Dictionary of National Biography, 1885-1900/Tindal, William

741474Dictionary of National Biography, 1885-1900, Volume 56 — Tindal, William1898Edward Irving Carlyle

TINDAL, WILLIAM (1756–1804), antiquary, born at Chelmsford on 14 May 1756, was son of James Tindal (d. 1760), captain in the 4th regiment of dragoons, youngest son of Nicholas Tindal [q. v.] James married Miss Shenton, who, after his death, was married to Dr. Smith, a physician at Cheltenham and Oxford. At four years of age William and his mother went to reside with her brother, a minor canon of Chichester, and six years later they removed to Richmond. On 19 May 1772 he matriculated from Trinity College, Oxford, and was elected a scholar in the same year. He graduated B.A. in 1776 and M.A. in 1778, in which year he was ordained deacon and obtained a fellowship, which he held until his marriage. After serving as curate at Evesham, he became rector of Billingford in Norfolk in 1789, and on 6 July 1792 he was also instituted to the rectory of Kington, Worcestershire. In 1799 he exchanged the rectory of Billingford for the chaplainship of the Tower of London. In the same year he was elected a fellow of the Society of Antiquaries (Nichols, Lit. Illustr. vi. 772).

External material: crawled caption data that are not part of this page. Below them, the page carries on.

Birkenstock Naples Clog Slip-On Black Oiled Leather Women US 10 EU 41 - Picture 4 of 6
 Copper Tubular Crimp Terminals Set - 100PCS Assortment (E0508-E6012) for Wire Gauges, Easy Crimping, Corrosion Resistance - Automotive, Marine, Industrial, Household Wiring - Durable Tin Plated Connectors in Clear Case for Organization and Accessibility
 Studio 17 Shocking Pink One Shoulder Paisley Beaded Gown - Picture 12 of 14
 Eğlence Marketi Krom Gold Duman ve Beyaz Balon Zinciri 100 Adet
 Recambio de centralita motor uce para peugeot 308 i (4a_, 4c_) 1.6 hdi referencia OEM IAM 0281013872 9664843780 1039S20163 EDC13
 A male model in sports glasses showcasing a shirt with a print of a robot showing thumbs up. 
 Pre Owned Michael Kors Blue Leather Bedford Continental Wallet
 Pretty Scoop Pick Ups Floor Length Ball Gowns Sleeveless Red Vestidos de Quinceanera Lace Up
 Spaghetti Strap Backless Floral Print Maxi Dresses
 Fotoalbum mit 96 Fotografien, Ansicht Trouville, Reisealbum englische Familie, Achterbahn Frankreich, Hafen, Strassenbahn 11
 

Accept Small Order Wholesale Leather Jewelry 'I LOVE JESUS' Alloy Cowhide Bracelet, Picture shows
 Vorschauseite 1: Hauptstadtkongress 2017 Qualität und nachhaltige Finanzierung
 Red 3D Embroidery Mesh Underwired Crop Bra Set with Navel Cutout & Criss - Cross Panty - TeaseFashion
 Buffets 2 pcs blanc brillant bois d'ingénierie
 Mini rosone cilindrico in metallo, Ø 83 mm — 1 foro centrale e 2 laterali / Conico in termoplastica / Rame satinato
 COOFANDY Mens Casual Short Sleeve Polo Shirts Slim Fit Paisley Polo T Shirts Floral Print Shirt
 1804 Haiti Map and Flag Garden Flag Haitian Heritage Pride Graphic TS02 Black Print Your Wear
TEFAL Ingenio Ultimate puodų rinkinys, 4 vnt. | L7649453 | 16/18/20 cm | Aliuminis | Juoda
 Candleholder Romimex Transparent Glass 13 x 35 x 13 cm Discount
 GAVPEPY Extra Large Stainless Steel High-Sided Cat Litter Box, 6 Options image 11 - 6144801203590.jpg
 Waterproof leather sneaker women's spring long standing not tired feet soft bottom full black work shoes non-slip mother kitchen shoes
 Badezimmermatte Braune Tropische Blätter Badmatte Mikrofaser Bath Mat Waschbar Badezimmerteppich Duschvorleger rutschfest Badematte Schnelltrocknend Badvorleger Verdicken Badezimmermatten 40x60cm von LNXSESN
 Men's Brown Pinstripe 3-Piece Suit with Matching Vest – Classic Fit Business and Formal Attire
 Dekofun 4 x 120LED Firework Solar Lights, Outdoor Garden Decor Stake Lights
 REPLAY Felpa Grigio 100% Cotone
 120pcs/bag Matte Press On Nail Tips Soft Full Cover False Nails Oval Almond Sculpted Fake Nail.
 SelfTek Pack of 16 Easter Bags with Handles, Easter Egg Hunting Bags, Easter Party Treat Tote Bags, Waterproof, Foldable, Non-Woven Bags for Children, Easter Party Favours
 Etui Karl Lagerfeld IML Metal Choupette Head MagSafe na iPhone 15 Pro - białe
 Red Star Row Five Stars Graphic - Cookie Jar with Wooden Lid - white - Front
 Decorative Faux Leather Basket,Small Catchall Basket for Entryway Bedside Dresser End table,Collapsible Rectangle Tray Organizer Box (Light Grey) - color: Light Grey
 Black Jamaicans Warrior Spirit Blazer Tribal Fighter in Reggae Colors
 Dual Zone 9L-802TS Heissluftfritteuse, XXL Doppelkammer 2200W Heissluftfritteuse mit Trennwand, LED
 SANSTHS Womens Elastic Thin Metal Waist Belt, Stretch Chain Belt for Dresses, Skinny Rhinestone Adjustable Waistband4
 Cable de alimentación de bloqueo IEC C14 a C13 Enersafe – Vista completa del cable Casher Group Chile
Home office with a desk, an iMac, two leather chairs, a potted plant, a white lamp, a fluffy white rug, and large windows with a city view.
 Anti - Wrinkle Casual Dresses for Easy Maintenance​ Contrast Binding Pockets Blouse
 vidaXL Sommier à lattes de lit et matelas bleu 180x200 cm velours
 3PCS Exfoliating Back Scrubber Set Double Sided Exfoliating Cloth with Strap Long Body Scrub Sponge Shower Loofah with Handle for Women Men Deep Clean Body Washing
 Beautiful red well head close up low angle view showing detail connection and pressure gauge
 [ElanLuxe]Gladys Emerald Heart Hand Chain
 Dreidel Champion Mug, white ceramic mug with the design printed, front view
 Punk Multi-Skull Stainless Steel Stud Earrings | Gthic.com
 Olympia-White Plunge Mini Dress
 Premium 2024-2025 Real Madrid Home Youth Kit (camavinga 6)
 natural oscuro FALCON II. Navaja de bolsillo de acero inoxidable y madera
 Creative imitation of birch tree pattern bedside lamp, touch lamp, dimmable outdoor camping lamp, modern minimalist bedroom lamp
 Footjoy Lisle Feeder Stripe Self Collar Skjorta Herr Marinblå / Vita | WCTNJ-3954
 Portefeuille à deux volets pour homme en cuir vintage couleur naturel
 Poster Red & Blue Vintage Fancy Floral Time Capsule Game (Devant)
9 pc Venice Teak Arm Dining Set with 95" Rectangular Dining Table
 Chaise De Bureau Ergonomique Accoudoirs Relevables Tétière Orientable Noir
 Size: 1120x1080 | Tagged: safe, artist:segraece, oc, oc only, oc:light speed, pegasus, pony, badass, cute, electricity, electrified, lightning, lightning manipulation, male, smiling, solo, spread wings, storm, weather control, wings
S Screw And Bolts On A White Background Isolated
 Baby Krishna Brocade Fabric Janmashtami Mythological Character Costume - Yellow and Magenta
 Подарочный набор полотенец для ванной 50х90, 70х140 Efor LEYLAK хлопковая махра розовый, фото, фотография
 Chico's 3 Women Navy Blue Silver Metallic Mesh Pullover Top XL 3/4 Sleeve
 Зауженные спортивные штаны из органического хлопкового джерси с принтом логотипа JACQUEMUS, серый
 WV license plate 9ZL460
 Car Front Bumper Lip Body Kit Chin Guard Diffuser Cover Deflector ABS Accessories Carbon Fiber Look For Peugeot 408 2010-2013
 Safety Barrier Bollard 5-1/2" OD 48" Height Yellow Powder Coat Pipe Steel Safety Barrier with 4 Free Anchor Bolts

Tindal committed suicide at the Tower on 16 Sept. 1804 while in a state of mental depression. He married before 1794, and his wife survived him.

Besides writing several political pamphlets, he was the author of: 1. ‘Remarks on Dr. Johnson's Life and Critical Observations on the Works of Gray,’ 1782, 8vo. 2. ‘Juvenile Excursions in Literature and Criticism,’ London, 1791, 16mo. 3. ‘The History and Antiquities of the Abbey and Borough of Evesham,’ Evesham, 1794, 4to. The last work won high praise from Horace Walpole. Tindal is also said to have written a poetical essay in blank verse, entitled ‘The Evils and Advantages of Genius contrasted.’

[Chambers's Biogr. Illustr. of Worcestershire, pp. 567–72; Gent. Mag. 1794 ii. 836, 1804 ii. 389, 975; Foster's Alumni Oxon. 1715–1886.]